Record low temperatures across the Midwest put the electric grid to the test the last week of January. Our wholesale electricity provider, Great River Energy (GRE), carefully operated and monitored the electric system to ensure energy continued to reach homes, farms, and businesses across the state.
Great River Energy’s transmission system, which carries bulk electricity over long distances, proved resilient, even in -50 degree wind chills. “Our system performed great under extreme winter weather conditions thanks to our dedicated employees in the field and system operations,” said Priti Patel, GRE’s vice president and chief transmission officer. “They worked around the clock to keep the grid operating for our member-consumers.”

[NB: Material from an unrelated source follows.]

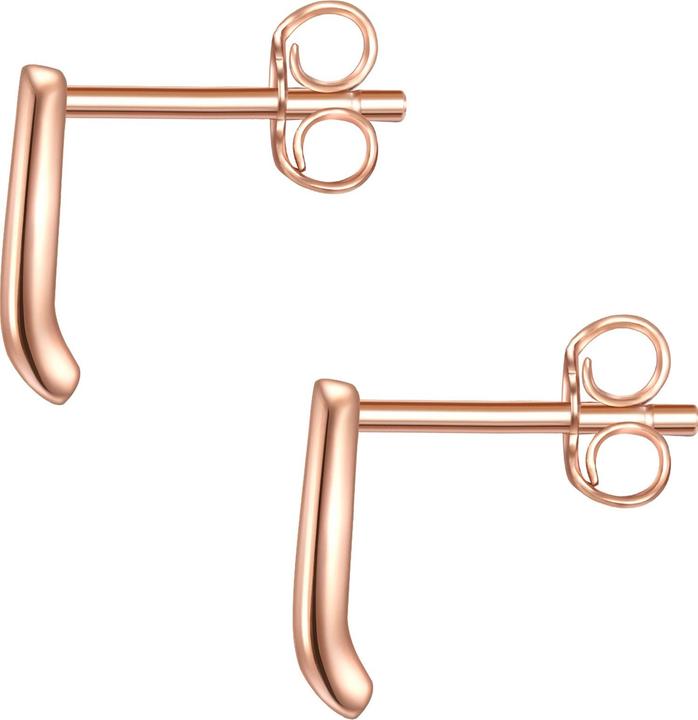 Produktbild Glanzstücke München Damen Sterling Silber roségold - 28341 (925er Silber)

When the weather drops to such dangerous temperatures, transmission crews shift their focus from routine maintenance to intensely monitoring the grid and fixing issues that arise due to cold temperatures, ice, and wind.
Great River Energy also worked with the regional grid operator, known as the Midcontinent Independent System Operator or MISO, and neighboring utilities to prepare for possible scenarios. On Jan. 30, MISO declared a maximum generation emergency event. By 2 p.m. that day, all available GRE power plants were called upon to operate through the evening. GRE’s Coal Creek Station, and Spiritwood Station power plants, which are designed to run without interruption, operated at full output throughout the extreme cold weather.
Our members depend on a reliable supply of electricity, and we were successful in providing energy through one of the most extreme polar temperatures in recent times.